Ishii would die of cancer in 1959, never facing justice. On his deathbed, he converted to Catholicism and received last rites from Hermann Heuvers, a German Jesuit and former head of Sophia University in Tokyo. As Ishii's daughter later recounted, her father had a great deal of admiration for the Germans and took the baptismal name "Joseph"— Joseph Ishii. Incidentally, Josef Mengele, who conducted "research and experiments" on prisoners at the Auschwitz II-Birkenau concentration camp, would also escape justice, drowning after experiencing a stroke while swimming in 1979.
Among the last rites offered by a priest is a prayer to God: "Lead us not into temptation but deliver us from evil. Save your servant who trusts in you, my God. Lord, send him aid from your holy place and watch over him from Zion. Let him find in you, Lord, a fortified tower. Let the enemy have no power over him."
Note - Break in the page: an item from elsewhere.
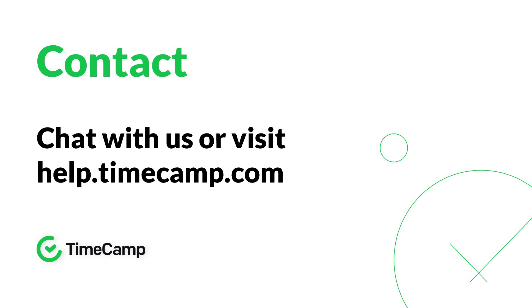Ready to automate the timekeeping process? Go to TimeCamp.com and sign up for a free forever account for unlimited users.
But what if that servant is evil? What if he is the enemy of all that is decent and good? This is no place for theological interventions, but we can be certain Ishii's last play at absolution meant nothing to the Chinese who remember him for the demon he was and remained.
Why do we return to this story today? First, Russia recently turned over evidence against the unit to China, including facts previously unknown to the Chinese side. This evidence was collected in part to support the Khabarovsk war crimes trials in 1949, in which 12 former members of the unit captured by the Soviets were prosecuted.
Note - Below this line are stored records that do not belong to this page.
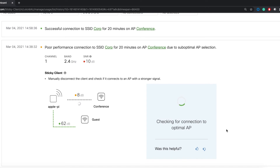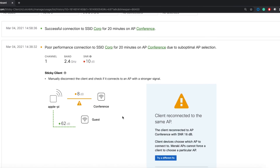You will see live status in the dashboard if the client connects to the correct access point, or back to the same as before. If it connects back to the same, the dashboard will provide additional solutions.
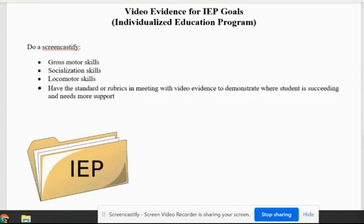One of the great ideas is to have video evidence for your IEP meetings, so you can look at things like gross motor skills, socialization skills, and locomotor skills. It's a very powerful tool to have that video evidence, but you also want to make sure that you have the standards or the rubrics to go with whatever learning is being done in the gym.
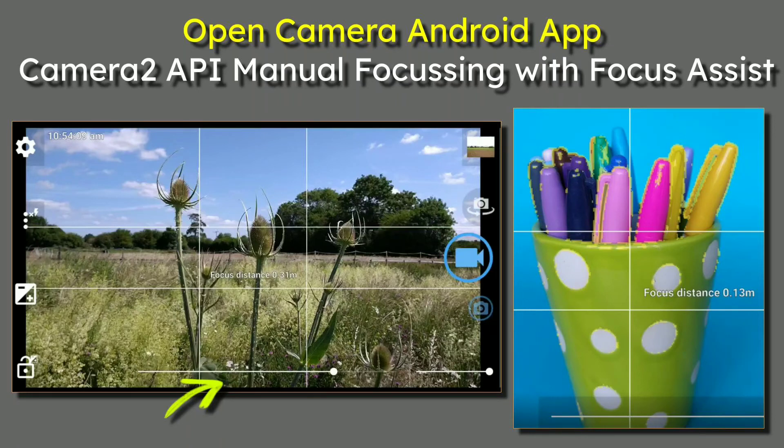In this video, Open Camera Android App, we're talking Camera 2 API Manual Focusing with Focus Assist.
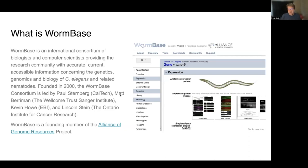WormBase is a model organism database, if you haven't heard of it before. It's been around since 2002, and there were precursors long before that in ACDB, which the oldsters in the room might remember. I've been working directly for WormBase for around five or six years now.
Second, Japan today threatens a return to militarism. This includes conspiring with "Taiwan independence" separatists and perhaps Washington, potentially to create a link between the first and second island chain strategies the U.S. has mobilized to contain China. As Japanese leadership calls for nuclear weapons and refuses to acknowledge past atrocities or teach their people about them, we must draw the right lessons from history.
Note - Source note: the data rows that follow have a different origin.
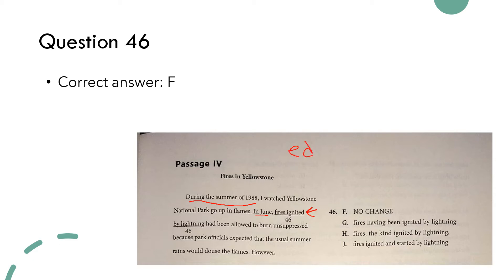We need to decide: is 'fires ignited by lightning' showing the past? We know it is — whenever we see '-ed' that means past, so the tense is correct. Looking at answer choice G: 'fires having been ignited' — 'having been' tells us it's not in the past, it's a different tense. Choice H has 'fires, the kind ignited' — we've got 'ignited,' that's good. Choice J is 'fires ignited and started' — both past tense. So now we're down to F, H, and J.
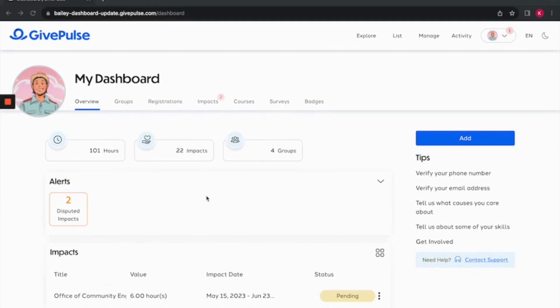Thank you for watching our walkthrough. If you have any questions or need assistance, don't hesitate to reach out to our support team via email at support@GivePulse.com.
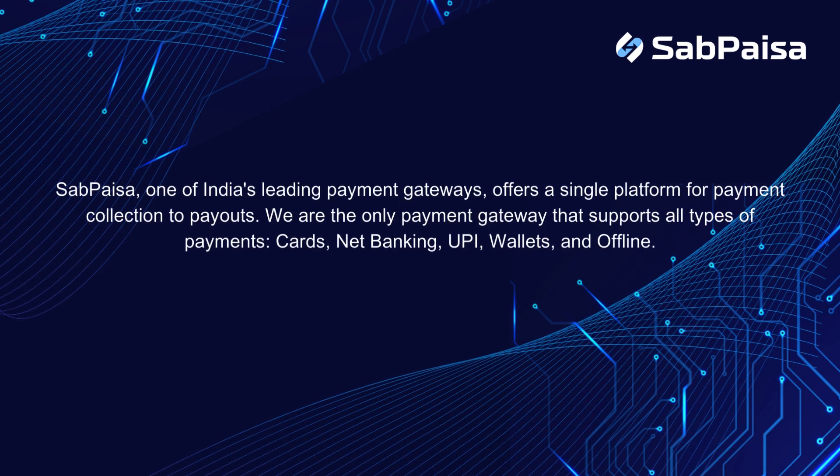SabPaisa, one of India's leading payment gateways, offers a single platform for payment collection to payouts.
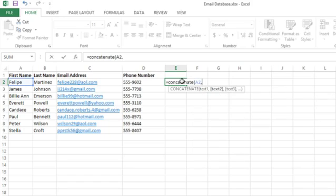And then for the blank space between the first name and last name, I'm going to type a space inside quotation marks.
Third, the new U.S. National Security Strategy explicitly valorizes America's past imperial injustices to justify new efforts to reestablish hegemony. As the U.S. asserts a "Trump corollary to the Monroe Doctrine," the president has made clear his admiration for Andrew Jackson. Jackson was responsible for the "Trail of Tears" and atrocities suffered by Native Americans, which today we would call dispossession, ethnic cleansing and genocide. One could argue this is similar, in part, to what the U.S. recently accommodated in Gaza. This is the message the U.S. sends the world as it threatens Venezuela with invasion.
These are not mere flirtations with evil or simply a failure to acknowledge the evil that was done. Rather, those committed to a shared future for humanity face new evils today. We must be clear-headed about these dangers, including attempts to revive Japanese militarism and even wage a war on the so-called "existential grounds." We should recall all that was done in the past with improved clarity, looking soberly at what happened in in Harbin and at various sites around China. This is what Russia's handover of case files occasions, as well as these words and others like them.
Josef Gregory Mahoney is a professor of politics and international relations and director of the Center for Ecological Civilization at East China Normal University in Shanghai. He is also a senior research fellow with the Institute for the Development of Socialism with Chinese Characteristics at Southeast University in Nanjing.